Kyrie Yeshua,
We have no memory of happier times
except the mimeographed black and white
irrelevant and unlived kind
No touchstone of bliss to serve as reference
For reconstruction and renovation
Instead we forage through the present pieces of ordinary lives
gathering Eden from the disparate strands presumed to be
echos of the first thing, the better thing, the joyful thing
And perhaps the joy itself is provenance enough
to prove that such things were present there
And have floated down the Tigris to us here.

june 6:26 pm on 24 November 2008 Permalink
This sounds like an artist’s statement for a gallery opening of a photography show. (To me.) Can’t you just see this printed on one whole wall…right when you walk in… Oh, oh…polaroid transfers!…that would be such the perfect medium for this.

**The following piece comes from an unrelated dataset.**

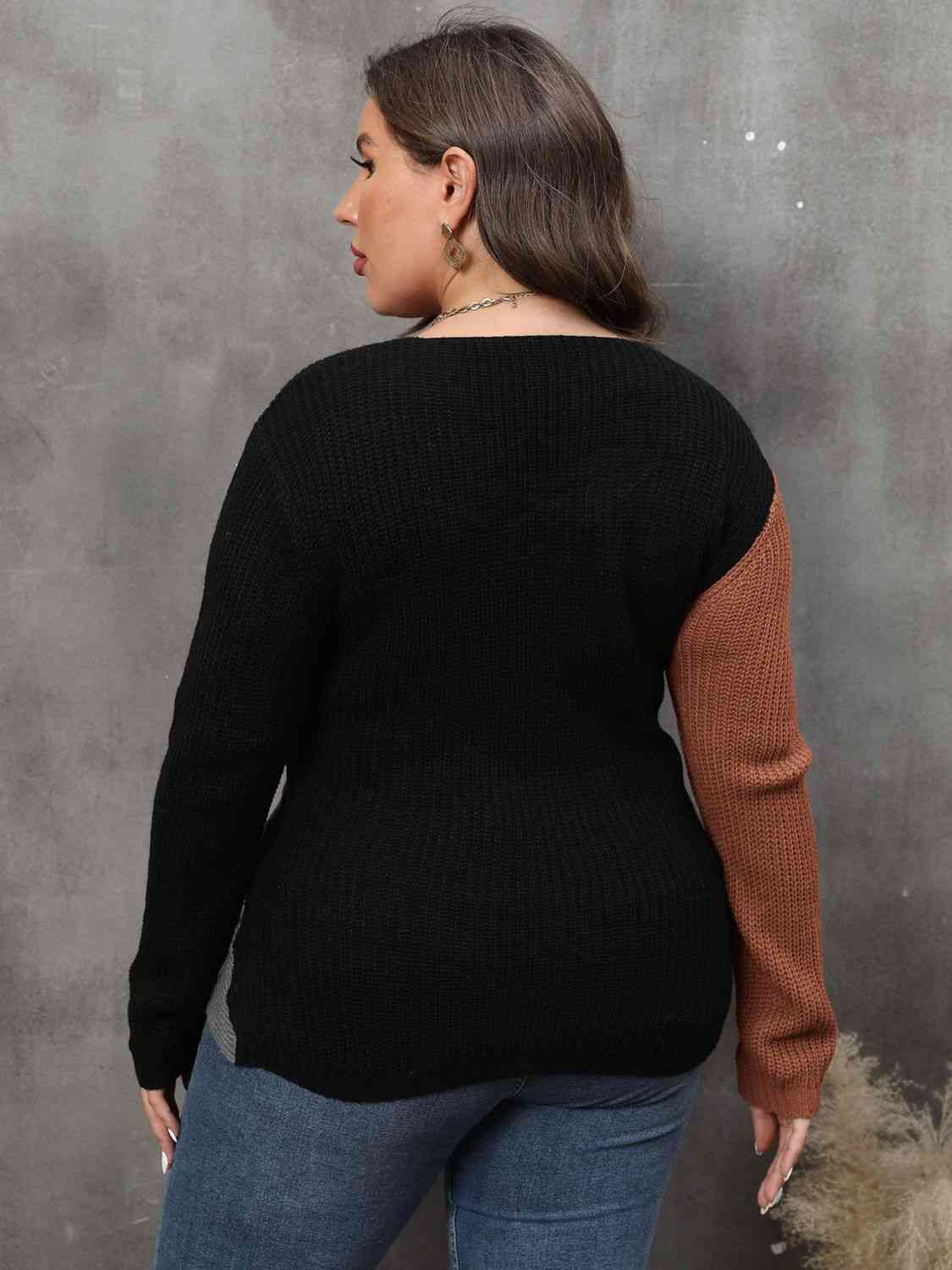 Cross Over Two-Tone Sweater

michael lee 6:52 pm on 24 November 2008 Permalink
I’ve been reading a lot of W.H. Auden, and came across this phrase from one of his contemporary reviewers, “In the very latest poems the creation of an Eden out of the materials of ordinary or nearly ordinary living has become a practice dear to Auden.” (link)
I like that idea.
June 8:46 pm on 24 November 2008 Permalink
As do I.
michael lee 8:55 pm on 24 November 2008 Permalink
Plus, I got to use one of my favorite hoity-toity words, provenance.
June 9:16 pm on 24 November 2008 Permalink
It’s such a lovely word…and yet…I wouldn’t be surprised to see it used as the name for a chain of beauty supply stores or some such thing. (“The origin of beauty…”)
I’m watching a show about art on pbs right now…specifically, what Hitler and the Nazis did with it. Shudder.
Oh, the provenance of it all.
michael lee 12:36 pm on 7 January 2009 Permalink
3fta. I really love this poem, even if I do say so myself.
Sharolyn 10:11 am on 8 January 2009 Permalink
Mike, I hope you don’t mind, I sent this to a friend. She printed it and put it in her Bible.
michael lee 2:15 pm on 8 January 2009 Permalink
That’s awesome.
june 2:47 pm on 11 January 2009 Permalink
I’m going to write this on a wall in my painting studio (a bedroom in our house). I have various quotes, verses and lines from hymns on all the walls. I take great relish in scribbling inspirational words directly onto the walls…they get covered up when I’m working on pieces and are there to greet me when I’m done. It’s cool.